El pastor presenta a su esposa Andrea (“ella es todo para mí”) y a sus dos hijas Lucía y Julieta. Cuenta que decidió ser pastor, hace seis años, cuando comprobó que su vida no era pretender con ambición sólo lo material. Fue a un retiro espiritual y dice haber sentido el llamado de Dios. Su trabajo espiritual lo llevó a predicar con la palabra y con los actos.
Conoce la isla porque la isla es su casa.
En la época de la última dictadura militar, cuando era niño, escuchó en boca de los mayores historias oscuras. Una de ellas, recuerda, fue el sonido de disparos y tiempo después se supo que eran militares acribillando a grupos de jóvenes. En esos montes con sus amigos usaban las cáscaras de los mimbres para armar una especie de ring y jugar a Titanes en el Ring, recuerda rebotar en la suavidad acolchonada de ese material. Un día, cuando era adolescente, en una recorrida aventurera, encontró esqueletos caídos en la orilla del arroyo, a causa de las pequeñas olas que rompían las costas. Eran las huellas palpables de un cementerio indio. Lo dedujeron porque también hallaron restos de vasijas de barro.
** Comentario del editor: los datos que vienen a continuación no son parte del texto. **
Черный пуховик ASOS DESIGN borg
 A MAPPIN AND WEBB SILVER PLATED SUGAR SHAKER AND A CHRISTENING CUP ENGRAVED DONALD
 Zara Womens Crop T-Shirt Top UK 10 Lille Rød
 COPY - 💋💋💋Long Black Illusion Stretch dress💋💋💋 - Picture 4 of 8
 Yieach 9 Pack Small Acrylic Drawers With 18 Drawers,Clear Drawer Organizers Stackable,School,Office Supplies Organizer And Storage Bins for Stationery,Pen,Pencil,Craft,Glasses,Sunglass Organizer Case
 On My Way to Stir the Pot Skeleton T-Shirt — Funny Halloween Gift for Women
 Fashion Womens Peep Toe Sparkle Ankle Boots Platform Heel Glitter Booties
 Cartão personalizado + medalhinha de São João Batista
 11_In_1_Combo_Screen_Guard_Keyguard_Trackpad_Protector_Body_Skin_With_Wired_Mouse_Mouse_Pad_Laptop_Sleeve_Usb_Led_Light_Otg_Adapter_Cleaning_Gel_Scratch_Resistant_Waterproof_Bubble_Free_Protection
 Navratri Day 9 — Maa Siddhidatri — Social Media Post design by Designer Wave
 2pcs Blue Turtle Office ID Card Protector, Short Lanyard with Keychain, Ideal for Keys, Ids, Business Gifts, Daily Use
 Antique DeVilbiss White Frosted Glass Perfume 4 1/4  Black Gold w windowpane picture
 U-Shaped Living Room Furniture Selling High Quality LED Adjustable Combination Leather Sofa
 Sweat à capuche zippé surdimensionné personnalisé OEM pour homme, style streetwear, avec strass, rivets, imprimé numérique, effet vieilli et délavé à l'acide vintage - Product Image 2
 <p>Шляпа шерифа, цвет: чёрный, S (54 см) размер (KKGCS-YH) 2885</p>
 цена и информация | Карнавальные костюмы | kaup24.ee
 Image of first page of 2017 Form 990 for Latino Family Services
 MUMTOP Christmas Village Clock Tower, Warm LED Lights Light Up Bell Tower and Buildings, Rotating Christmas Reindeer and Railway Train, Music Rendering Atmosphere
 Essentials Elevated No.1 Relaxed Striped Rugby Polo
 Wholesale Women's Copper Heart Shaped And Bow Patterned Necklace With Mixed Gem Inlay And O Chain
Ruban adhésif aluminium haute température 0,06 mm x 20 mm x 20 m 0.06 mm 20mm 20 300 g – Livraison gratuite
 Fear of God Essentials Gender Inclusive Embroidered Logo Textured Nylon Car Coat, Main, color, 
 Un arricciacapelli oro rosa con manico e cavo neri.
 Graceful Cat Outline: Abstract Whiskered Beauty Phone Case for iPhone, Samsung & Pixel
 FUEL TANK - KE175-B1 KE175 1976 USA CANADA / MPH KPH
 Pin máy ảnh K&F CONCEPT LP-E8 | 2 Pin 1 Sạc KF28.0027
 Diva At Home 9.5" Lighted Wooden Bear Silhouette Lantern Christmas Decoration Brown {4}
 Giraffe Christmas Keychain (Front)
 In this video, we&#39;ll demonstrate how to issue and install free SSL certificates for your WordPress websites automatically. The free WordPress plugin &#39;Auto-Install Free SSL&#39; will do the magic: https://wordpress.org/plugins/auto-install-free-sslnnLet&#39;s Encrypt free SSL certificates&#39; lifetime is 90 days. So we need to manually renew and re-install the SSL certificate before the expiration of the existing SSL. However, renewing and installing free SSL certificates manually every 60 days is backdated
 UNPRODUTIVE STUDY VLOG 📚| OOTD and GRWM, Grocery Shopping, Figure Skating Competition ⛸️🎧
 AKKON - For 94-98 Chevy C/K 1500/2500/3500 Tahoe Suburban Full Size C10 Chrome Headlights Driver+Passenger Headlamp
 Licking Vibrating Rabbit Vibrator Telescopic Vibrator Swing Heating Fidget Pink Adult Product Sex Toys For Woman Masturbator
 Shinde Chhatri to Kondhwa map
“Algunos esqueletos tenían en el cuello un collar hecho de hueso, de unos cinco centímetros, de color azul y con un agujero en el medio”, recuerda el pastor.
Por las noches miraba el cielo estrellado, pescaba bagres y su vida se hizo rodeado de la naturaleza.
Las personas que habitan la isla parecen hechas del mismo paisaje. Su estado interior, su silencio, la mirada. O quizá el paisaje está hecho de esas personas. No es un secreto. Es algo mucho más profundo. Como ver el río, o un árbol, o un pájaro, y que ese río, ese árbol, ese pájaro, queden impregnado en esas miradas. Collarcitos de hueso rectangulares agujereadas al medio pintadas de azul de cinco centrímerros alrededor del cuello.
El pastor y su esposa saludan. “Bendiciones”, dicen mientras el equipo de Infobae se sube a la lancha para emprender el retorno.
En ese saludo del pastor se entremezclan, como las aguas de los arroyos y los ríos del Delta, las despedidas de la familia de Chaco, saludando con la mano y en palabras -¡ña’aachicolec! (gracias)- y el adiós ilusionado de Jesús, acaso imaginando en su cabeza cómo sería su versión de esa lancha si tuviera algo de madera y pintura para inventarla.